Kobe’s shoes and jewels go on sale
GENEVA >> A diamond bracelet that once belonged to France’s Marie Antoinette and a sapphireand-diamond brooch with matching ear clips that once dangled from a Russian grand duchess are among the featured items in auctions of jewelry and other collectibles next week in Geneva.
Also going under the hammer in the lakeside Swiss city will be a pair of high-top Nike sneakers from the late NBA player Kobe Bryant, the Lakers shooting guard who died in a helicopter crash in Calabasas last year.
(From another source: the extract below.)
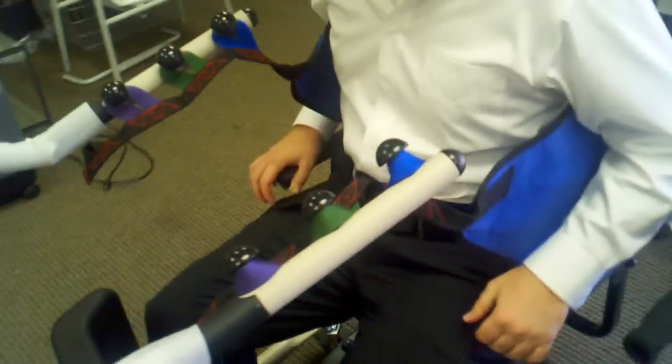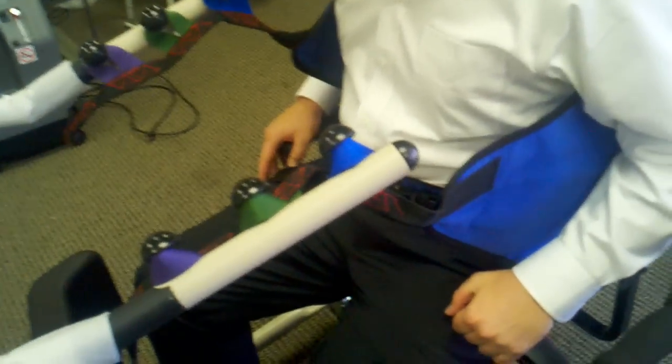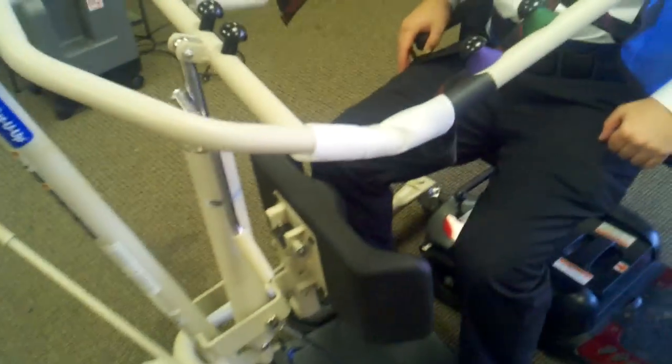The difference between a stand-up lift and a regular patient lift is this piece here. This is going to be underneath your butt — it goes from your back all the way to right about here. That way we can pick you up and you're going to be totally off the ground, and then we'll move you to the facilities, a lift chair, or anywhere in the house. That's the whole purpose of this.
The blue, white and gold Nike Air Zoom Huarache 2K4 basketball shoes are expected to fetch up to $38,000) during a Nov. 11 sale at Sotheby’s.
Bryant reportedly wore the sneakers in a March 17, 2004, victory over the Clippers, according to the auction house.
But as usual in the Geneva fall auction season, diamonds, emeralds, sapphires, rubies and other prized gems will be the highlights of next week’s sales at Sotheby’s and rival Christie’s.
Christie’s is putting up on auction an eye-popping pair of heavy bracelets from the 18th century that are studded with three rows of small diamonds.
The bracelets are billed as one of the last remaining vestiges of Marie Antoinette’s rich jewelry cabinet that are still available for sale.
The auction house said the famed royal and wife of King Louis XVI was known to have carefully wrapped her jewels in cotton herself, hoping to keep them outside revolutionary France, which ultimately took her life via the guillotine.
The bracelets, commissioned about 1776, were kept within royal lineage for over 200 years, Christie’s said.
“Despite Marie-Antoinette’s capture in the French Revolution and her unfortunate death in 1793, the bracelets survived and were passed on to her daughter, Madame Royale, and then the Duchess of Parma,” said Max Fawcett, head of Christie’s jewelry department, referring respectively to Marie-Therese of France, the couple’s daughter, and Princess Louise d’Artois, who died in 1864.